The numbers at the edge of the triangle are all 1, and each number inside the triangle is the sum of the two numbers above it. Write a function that computes the elements of Pascal’s triangle by means of a recursive process.

Do this exercise by implementing the pascal function in Main.scala, which takes a column c and a row r, counting from 0 and returns the number at that spot in the triangle. For example, pascal(0,2)=1, pascal(1,2)=2 and pascal(1,3)=3.

def pascal(c: Int, r: Int): Int
Exercise 2: Parentheses Balancing
Write a recursive function which verifies the balancing of parentheses in a string, which we represent as a List[Char] not a String. For example, the function should return true for the following strings:

(if (zero? x) max (/ 1 x))
I told him (that it’s not (yet) done). (But he wasn’t listening)
The function should return false for the following strings:

:-)
())(
The last example shows that it’s not enough to verify that a string contains the same number of opening and closing parentheses.

Do this exercise by implementing the balance function in Main.scala. Its signature is as follows:

def balance(chars: List[Char]): Boolean
There are three methods on List[Char] that are useful for this exercise:

chars.isEmpty: Boolean returns whether a list is empty
chars.head: Char returns the first element of the list
chars.tail: List[Char] returns the list without the first element
Hint: you can define an inner function if you need to pass extra parameters to your function.

Testing: You can use the toList method to convert from a String to a List[Char]: e.g. "(just an) example".toList.

Exercise 3: Counting Change
Write a recursive function that counts how many different ways you can make change for an amount, given a list of coin denominations. For example, there are 3 ways to give change for 4 if you have coins with denomiation 1 and 2: 1+1+1+1, 1+1+2, 2+2.

Do this exercise by implementing the countChange function in Main.scala. This function takes an amount to change, and a list of unique denominations for the coins. Its signature is as follows:

def countChange(money: Int, coins: List[Int]): Int
Once again, you can make use of functions isEmpty, head and tail on the list of integers coins.

Hint: Think of the degenerate cases.
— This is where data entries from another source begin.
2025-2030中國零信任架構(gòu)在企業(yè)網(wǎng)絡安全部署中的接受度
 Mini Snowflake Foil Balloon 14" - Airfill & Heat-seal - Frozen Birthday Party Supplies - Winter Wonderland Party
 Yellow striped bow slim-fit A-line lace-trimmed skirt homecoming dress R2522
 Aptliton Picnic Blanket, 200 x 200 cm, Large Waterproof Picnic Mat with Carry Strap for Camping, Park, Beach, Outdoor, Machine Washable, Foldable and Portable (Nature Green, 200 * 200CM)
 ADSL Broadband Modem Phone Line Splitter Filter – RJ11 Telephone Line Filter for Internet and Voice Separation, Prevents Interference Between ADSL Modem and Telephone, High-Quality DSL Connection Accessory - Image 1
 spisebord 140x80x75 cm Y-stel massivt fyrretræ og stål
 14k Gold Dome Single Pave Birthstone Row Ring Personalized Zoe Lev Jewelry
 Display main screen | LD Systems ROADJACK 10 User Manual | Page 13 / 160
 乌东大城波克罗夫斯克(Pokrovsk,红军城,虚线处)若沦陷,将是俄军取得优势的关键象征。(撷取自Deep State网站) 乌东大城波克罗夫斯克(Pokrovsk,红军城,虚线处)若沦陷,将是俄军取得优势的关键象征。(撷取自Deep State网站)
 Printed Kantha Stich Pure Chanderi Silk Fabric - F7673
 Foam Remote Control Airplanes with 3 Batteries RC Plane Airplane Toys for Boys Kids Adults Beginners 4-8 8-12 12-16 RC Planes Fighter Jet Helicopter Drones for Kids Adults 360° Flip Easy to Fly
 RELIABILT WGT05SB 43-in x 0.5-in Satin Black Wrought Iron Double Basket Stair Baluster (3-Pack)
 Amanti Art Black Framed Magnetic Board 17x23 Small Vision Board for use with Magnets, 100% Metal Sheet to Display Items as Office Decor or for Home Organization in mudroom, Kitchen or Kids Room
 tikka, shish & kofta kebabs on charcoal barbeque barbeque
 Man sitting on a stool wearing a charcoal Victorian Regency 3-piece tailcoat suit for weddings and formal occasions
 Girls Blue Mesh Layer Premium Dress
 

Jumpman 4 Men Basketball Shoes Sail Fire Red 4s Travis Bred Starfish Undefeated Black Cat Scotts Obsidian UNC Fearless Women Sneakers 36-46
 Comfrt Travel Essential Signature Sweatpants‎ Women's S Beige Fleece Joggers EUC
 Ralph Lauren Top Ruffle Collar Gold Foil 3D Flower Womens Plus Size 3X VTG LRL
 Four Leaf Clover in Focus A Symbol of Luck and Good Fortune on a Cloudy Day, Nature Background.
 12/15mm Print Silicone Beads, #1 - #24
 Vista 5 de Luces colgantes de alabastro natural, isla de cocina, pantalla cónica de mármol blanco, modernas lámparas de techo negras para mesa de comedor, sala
How many ways can you give change for 0 CHF? How many ways can you give change for >0 CHF, if you have no coins?

package recfun
import common._

object Main {
  def main(args: Array[String]) {
    println("Pascal's Triangle")
    for (row <- 0 to 10) {//change to 22 to check pascal if out of Int range
      for (col <- 0 to row)
        print(pascal(col, row) + " ")
      println()
    }
  }

  /**
   * Exercise 1
   */
  def pascal(c: Int, r: Int): Int = {
    //everytime mutiply a little num in case of overflow Int range
def factB(c: Int, r: Int): Int =if (c==0) 1 else factB(c-1,r)*(r-c+1)/c
factB(c,r)
  }

  /**
   * Exercise 2
   */
  def balance(chars: List[Char]): Boolean ={
  def count(char:Char):Int ={
  if (char == '(') 1
  else if (char == ')') -1
  else 0
  }
  def isOK(len:Int,chars:List[Char]):Boolean={
  if (chars.isEmpty) len==0
  else if (len==0 && count(chars.head) == -1) false
  else isOK(len+count(chars.head),chars.tail)
  }
  isOK(0,chars)
  }

  /**
   * Exercise 3
   */
  def countChange(money: Int, coins: List[Int]): Int =
if (money==0) 1
else if (coins.isEmpty || money<0) 0
else countChange(money,coins.tail)+countChange(money-coins.head,coins)
}